◆ ASSIGNMENT: Nothing but the exact lines from the one containing "Black Long Sleeve Pleated Knit Dress" through the last line of the records below belongs in your answer.

■ ■ ■ ■ ■ ■ ■

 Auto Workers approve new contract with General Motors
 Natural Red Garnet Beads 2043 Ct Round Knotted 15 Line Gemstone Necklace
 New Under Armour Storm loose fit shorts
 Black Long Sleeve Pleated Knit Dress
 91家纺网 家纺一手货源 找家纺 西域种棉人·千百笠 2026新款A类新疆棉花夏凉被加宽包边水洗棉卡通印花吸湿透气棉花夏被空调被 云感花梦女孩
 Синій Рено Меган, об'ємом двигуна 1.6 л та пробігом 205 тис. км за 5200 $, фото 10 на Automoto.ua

■ ■ ■ ■ ■ ■ ■

◆ YOUR SOLUTION:
 Black Long Sleeve Pleated Knit Dress
 91家纺网 家纺一手货源 找家纺 西域种棉人·千百笠 2026新款A类新疆棉花夏凉被加宽包边水洗棉卡通印花吸湿透气棉花夏被空调被 云感花梦女孩
 Синій Рено Меган, об'ємом двигуна 1.6 л та пробігом 205 тис. км за 5200 $, фото 10 на Automoto.ua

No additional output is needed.